Tuesday, June 27, 2006

Audrey, Butterflies, and Finding Home

“Breakfast at Tiffany’s” found me when I was a teenager. That classic film introduced me to Holly Golightly, the offbeat heroine of the Capote tale, portrayed by Audrey Hepburn. Even though Holly suffered from too many vices and sought desperately to find herself, Holly possessed some sort of magnetism that drew people to her. She even drew me, a teenager forty years later. Holly’s ability to wear oversized black sunglasses under a large black hat, all accessorizing the iconic little black dress, mesmerized me. Who else receives $50 for the powder room? Years passed before I realized that everything about Holly Golightly was not beautiful.

Holly told of her cat, the “poor slob” without a name. She explained, “I don’t have any right to give him one: he’ll have to wait until he belongs to someone. . . . I don’t want to own anything until I know I’ve found the place where me and things belong together. I’m not quite sure where that is just yet. But I know what it’s like. . . . It’s like Tiffany’s.”

How do we find our way home anyway?

A friend told me a story about monarch butterflies. Those little creatures that light on my zinnias in the summer are astounding. Born in Nova Scotia, the butterflies launch out on a grand adventure when they find themselves strong enough. They fly over the Great Lakes, head south, then follow the coast of the Gulf of Mexico to the Transvolcanic Plateau of Mexico. Most monarchs travel 3,100 miles. As many as 300 million butterflies spend their winters there.

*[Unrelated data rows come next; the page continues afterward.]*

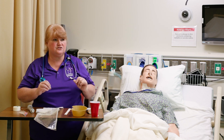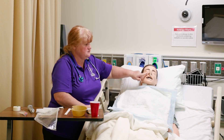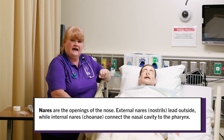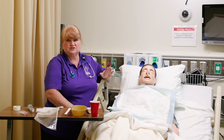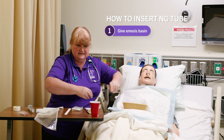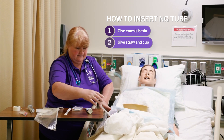You'll also want a blue chucks. Now we've got the blue chucks on the patient. We're going to check the nares for patency — ask the patient which one they can breathe best out of — and ask your patient to raise their hand if they have any signs of distress. We're going to give them the emesis basin, and the cup and straw in their hand.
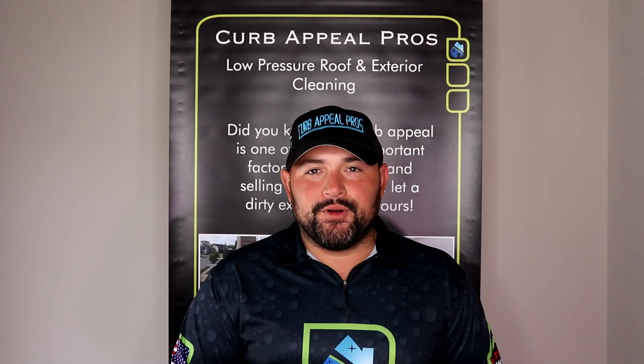Make sure to check out Curb Appeal Pros, a locally owned veteran small business at LowPressureWash.com or give us a call at 314-698-3282.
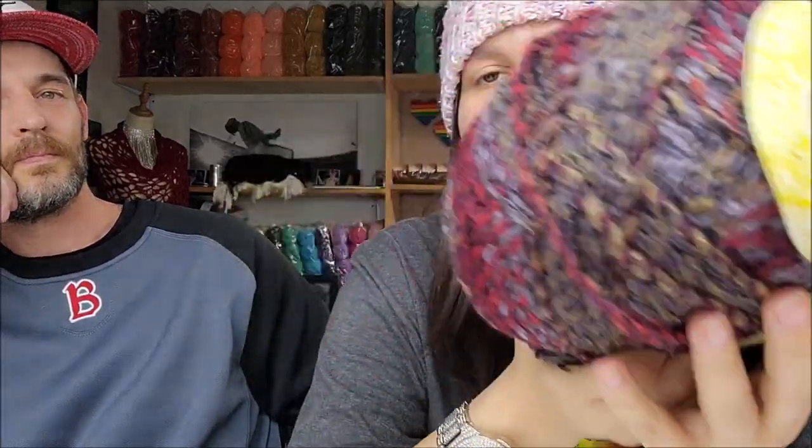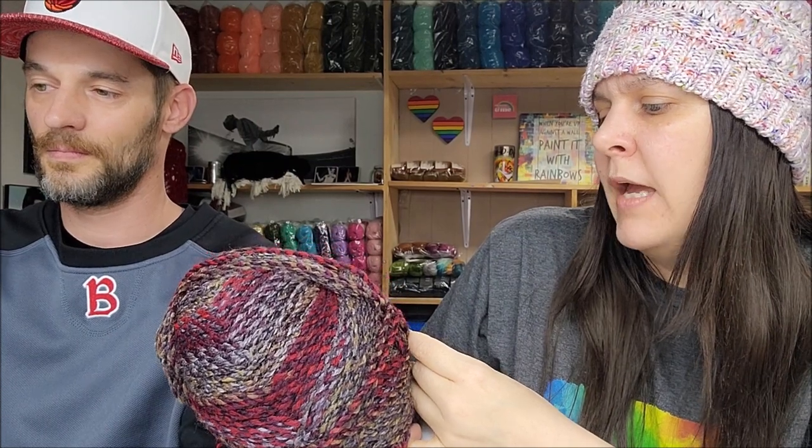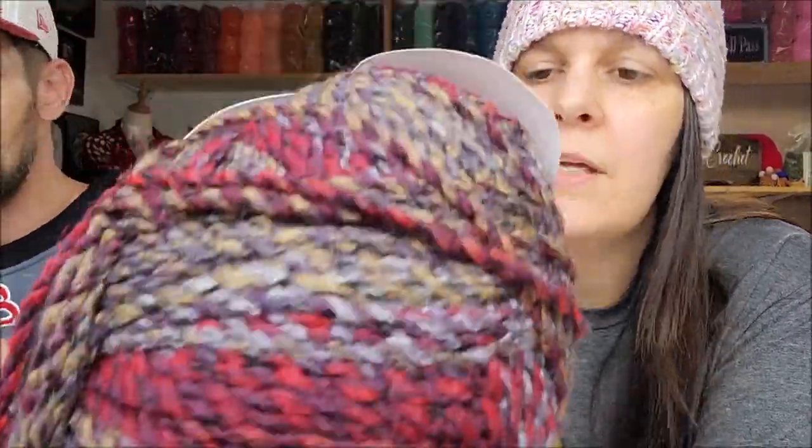Next I got some James C. Brett Marble Chunky. I've bought this many times and made many tutorials with it, but they have so many colors I don't think I could ever buy all of them. If you're not familiar, it's a five weight chunky here in the US, 100% acrylic, machine wash, tumble dry, 341 yards or 312 meters. I thought this color was really pretty — it's called Christmas Wreath.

When spring arrives, those beauties decide to return home. The butterflies take a northeasterly route. Many tagged butterflies have landed on the exact branch that once held the cocoon from which they emerged.

When I graduated from high school, the only guarantee I had in my life was the certainty that I would go faraway to college. We packed my little Honda and drove seven hours to Asbury College. After college graduation, my big brother and I stepped into a moving van towing that same Honda and drove to Los Angeles, my new home. This little butterfly desperately wanted to spread her wings. I flew into a culture desperately foreign to my own, and I realized that the Kingdom of God lived in South Central Los Angeles too.

After a few years, the yearning to migrate back to my home, my branch, began to ache somewhere deep in my soul. My brother caught a flight out, and we migrated back home.

Holly Golightly was searching for a real place that made her feel like Tiffany’s. She loved the “quietness and proud look of it; nothing very bad could happen to you there.” Holly wanted a home, but all she could find was a jewelry store.

As so many continue to journey away from this town that I call home, it sends me to Scripture. How does God define “home”? He sent Abraham and Moses on journeys away from their homes. However, Jesus tells the story of the Prodigal Son, and it is clear that his move away from home was marred in rebellion. People keep coming and going throughout the Bible for all the wrong and right reasons. Recently, a wise man told me to never move away from something; only move towards it.

Jesus spoke about the Kingdom of God. In fact, it was his most common topic of conversation. In Luke 17:20-21, Jesus replied, "The kingdom of God is within you." I am home already, no matter where I sleep, receive my mail, or make my neighbors.